The process of garbage collection involve 2 principal steps: track living objects and remove unmarked ones (non-living).

The Marking phase

Garbage collection starts by scanning all root objects and follow the references from the root to other objects and marks every object found as alive. All unmarked objects are candidates for garbage collection.

JVM GC Roots objects

Objects marked as alive are blue in the above picture.

The important aspects to note about the marking phase is the application threads need to be stopped (you cannot traverse the graph if it keeps changing all the time). Good to know: when the application threads are temporarily stopped the JVM can engage in housekeeping activities. It’s called a safepoint and results in a Stop-The-World pause. safepoint can be triggered for different reasons but garbage collection is by far the most common reason for a safepoint to be introduced.

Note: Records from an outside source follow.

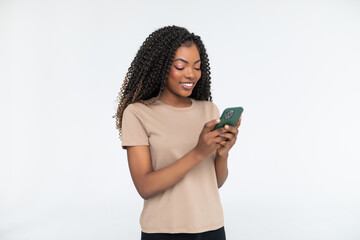 content smiling african woman typing text message or using internet on phone isolated over white bac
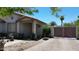 Charming entryway with a covered porch, brick-paved driveway, and gated courtyard at 7403 W Montebello Ave, Glendale, AZ 85303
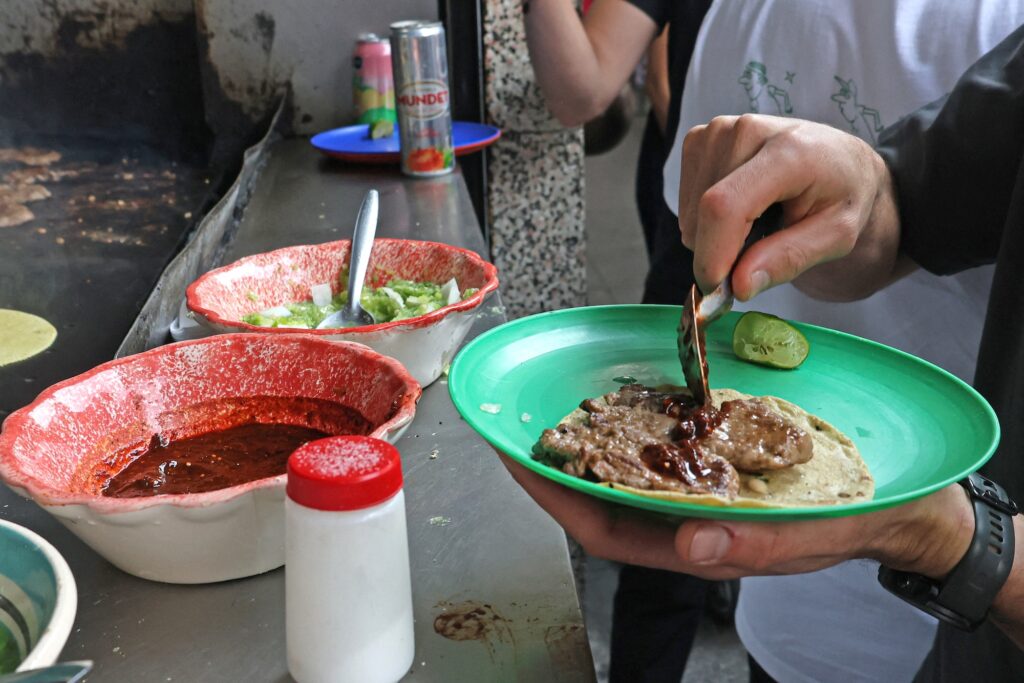 Customers are served tacos at Taqueria restaurant El Califa de Leon in Mexico City on May 15, 2024. A hole-in-the-wall taqueria is among the first restaurants in Mexico to be awarded a star by the prestigious Michelin Guide -- an accomplishment its owner credits to "love and effort". (Photo by Silvana FLORES / AFP)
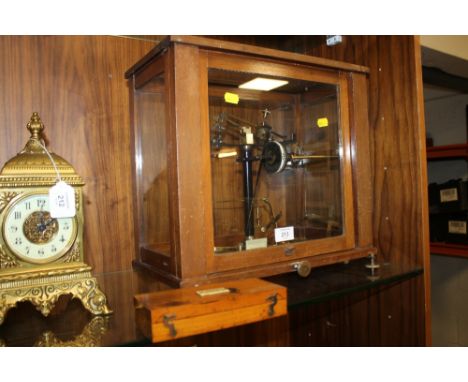 A SET OF BAIRD AND TATLOCK GLASS CASED VINTAGE SCALES AND WEIGHTS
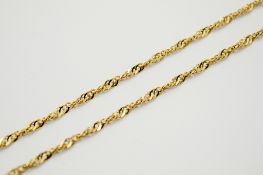 A 9ct gold twisted curb link chain necklace.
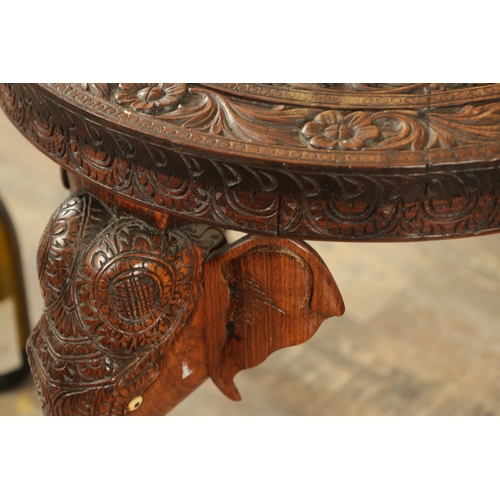 245 - A 19TH CENTURY INDIAN CARVED HARDWOOD OCCASIONAL TABLE the circular carved top above three elephant'... 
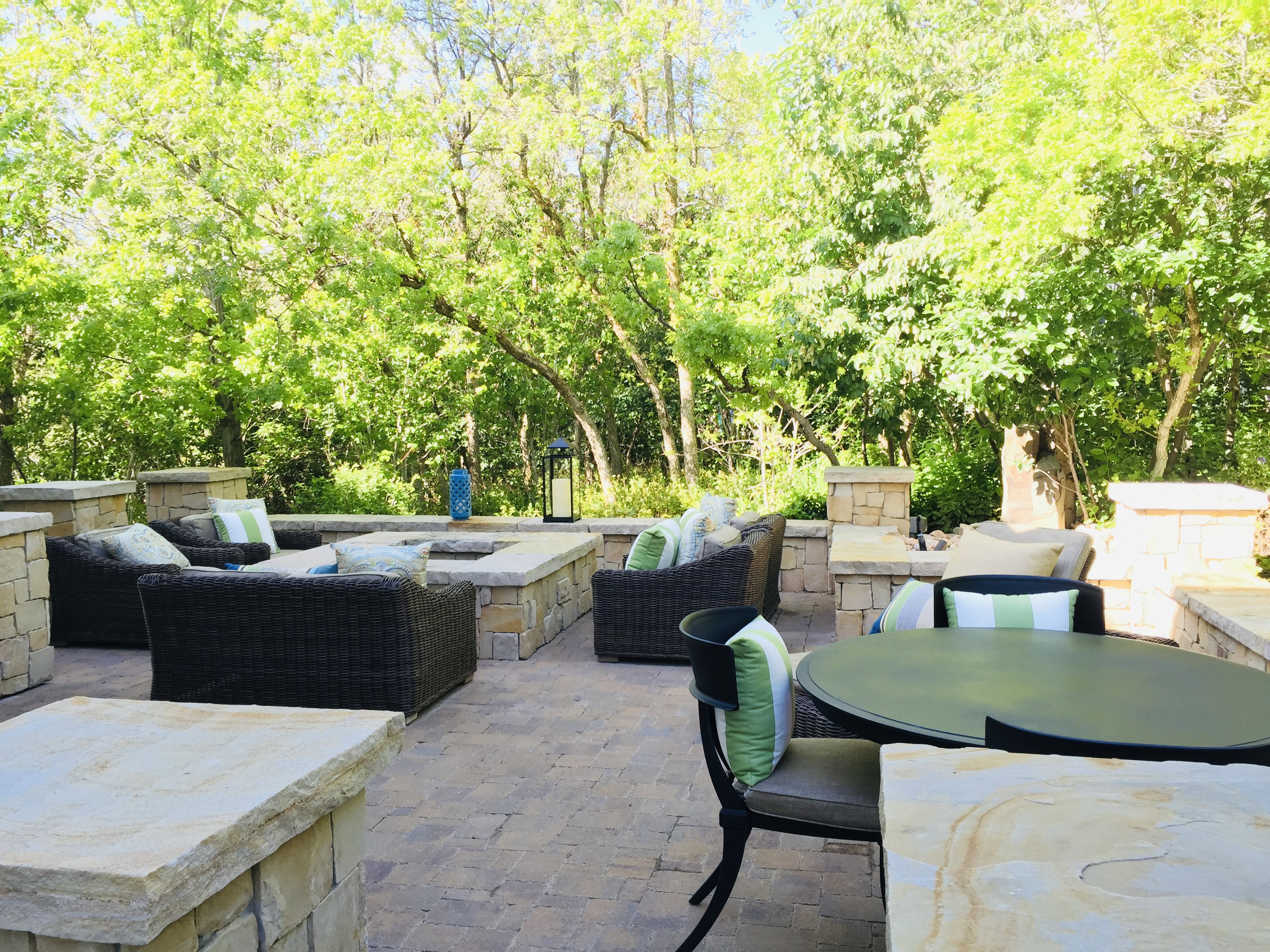 Spacious outdoor patio featuring paver flooring, natural stone retaining walls, and a built-in stone fire pit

The duration of this pause depends on the total number of alive objects. That’s why heap size doesn’t change the duration of the marking phase.

Removing unreachable objects

Once the marking phase is done, the garbage collector activities can be divided in 3 main groups: sweeping, compacting and copying.

  • Sweep Mark-and-Sweep is the simplest approach to garbage collection. It’s just ignoring the unmarked objects. For example all the heap is used by unmarked objects (not attached to a GC Root Object :)), the space used by those object is considered free and can be reused for allocating new objects.

The tradeoff with this is that it implies to know each free memory region with its size, each of these are isolated if one object is bigger than all the regions available an OutOfMemoryError error occurs. This approach imply an overhead during the allocation phase as the JVM needs to search a region to allocating the new object.

JVM GC Roots objects

  • Compact Mark-Compact solve the tradeoff of Mark-and-Sweep approach, by moving all marked (alive) objects at the beginning of the heap memory region. The downside with that it increases the GC Pause duration. The GC needs to copy all objects to a new place and update the references objects graph. Once the compaction is done, allocation is again extremely cheap with no fragmentation issues.

JVM GC Roots objects

  • Copy Mark-Copy looks like Mark-Compact, but the difference here is that objects are reallocated to another region rather than to the beginning of memory. These approach has the principal advantage as coping can occur simultaneously with marking phase but more memory region will be needed, large enough to hold surviving objects.

JVM GC Roots objects

There are two main types of Garbage Collection algorithms: Full Garbage collection and Incremental Garbage collection

Full Garbage collection is when the garbage collector pauses the program’s execution and performs a search for garbage objects. All the heap space memory is scanned, the garbage collector marks and searches for garbage objects not used anymore in the app. During this phase application performance slowdown, caused by the GC pause. Full GC is usually triggered when there is not enough memory available or when the application’s memory consumption reaches a certain threshold.

Incremental Garbage Collection, avoid to pause the program’s execution to perform the marking process. The garbage collector divides the scanning process into small, manageable pieces called “increments”. During each increment, the garbage collector scans a portion of the program’s memory, identifying any objects that are not needed and marking them as available for reuse.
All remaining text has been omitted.